Today I was able to tell everyone that I'm taking on a huge job, one that scares the shit out of me, one that I said yes to when most of me was screaming no.
My gut won out though, over everything else my gut said: "You're scared and exhilarated all at once at the thought of this, do it".
My brain was all like: "YOU STUPID BITCH! EARLY STARTS?! NO. NOT AGAIN!"
I've a history of saving yes when I'm feeling scared, it's worked out ok truth be told.
The other reason today weighed heavily on me is that two years ago, I said a final goodbye to my Nana.
It's funny how grief can sneak up and take your breath away, you find yourself in the eye of it, doubled over silently screaming in the shower, before you can catch up to what's happening to you.
Her funeral was 730 days ago today. How has it been that long?
You know the part when they lower your person into the ground for the final time and the realisation hits that you won't physically see them ever again.
It washes over you like a cement wave.
I always go back to that part, as it's the cleanest and most bracing reality check I've ever had. I remember standing there, wanting to let the grief consume me. It felt easy and warm. She was my everything that woman.
So today, when at times I felt overwhelmed or worried about this new job I remembered that moment, that's the real stuff, the stuff of life.
She'd have been very proud upon hearing my news, she'd have gone down to the church plant shop and told all the ladies who worked there with her.

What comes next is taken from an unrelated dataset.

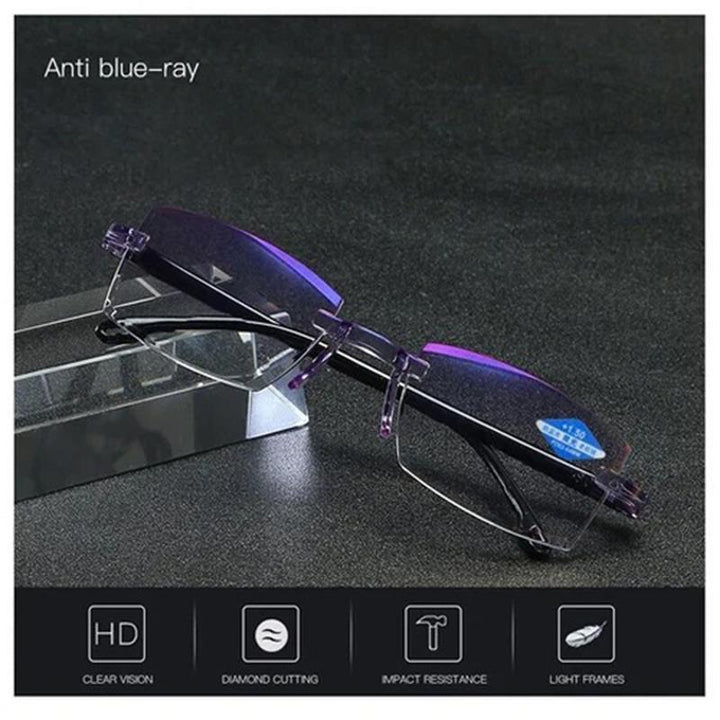Duurzame VisionGuard bril met blauwlichtfilter en multifocale glazen; oogbescherming voor alle leeftijden.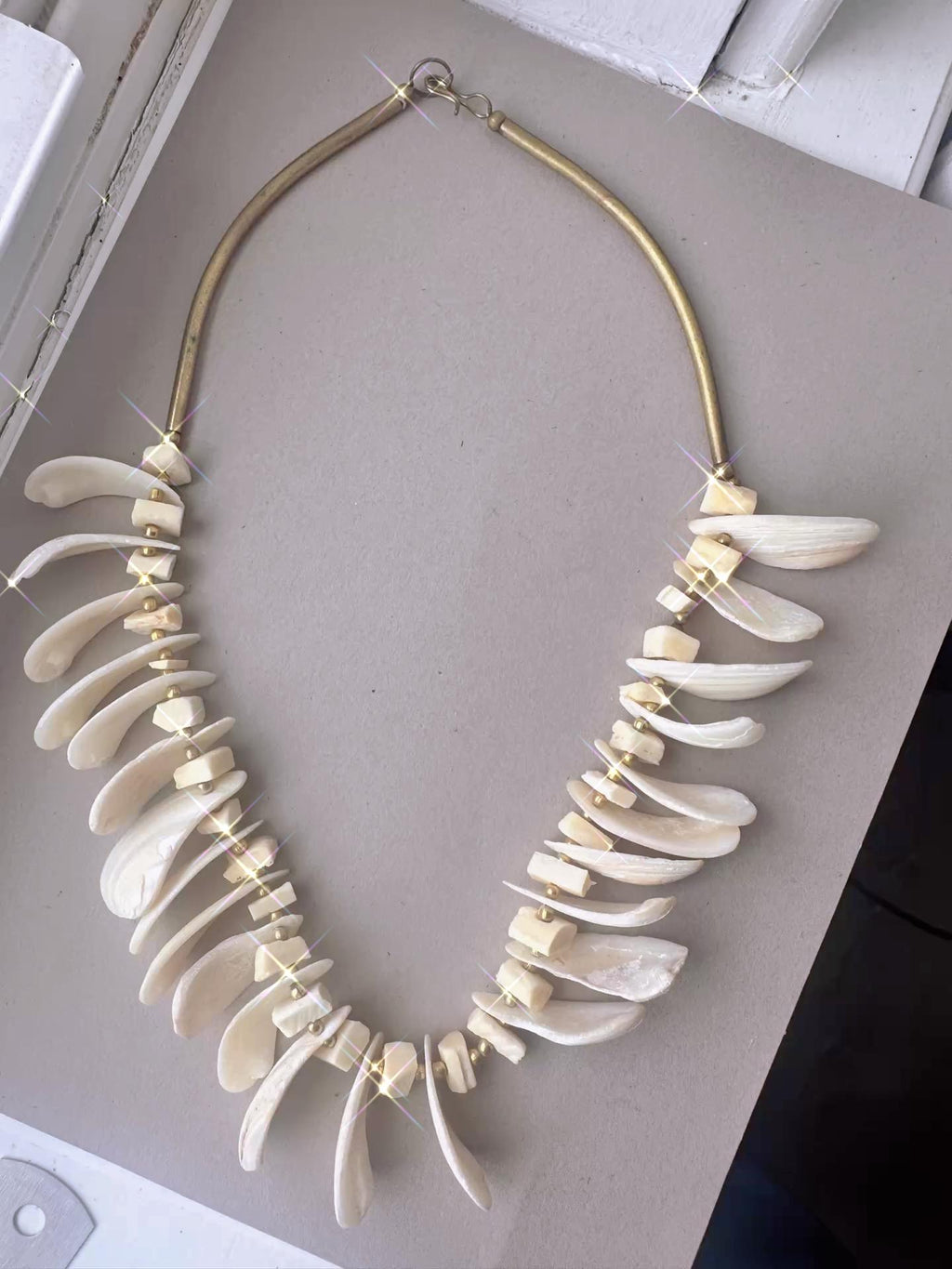 Y2K Mother of Pearl Shell Necklace – Coastal Statement Collar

The radio is going to be super great, I'm either going to succeed or fail and either is ok. A lot has been written about the pressure I'm under, my competition, our ratings- but all I can do, all we can do, is make our own brand of magic and hope it sticks. I have a dream team behind me and a co-host I truly adore, for real.
So dear listeners, if you'll have me, I'm all yours, even the broken parts, I can't promise you perfection but I know Harley Breen and I will give you everything we have.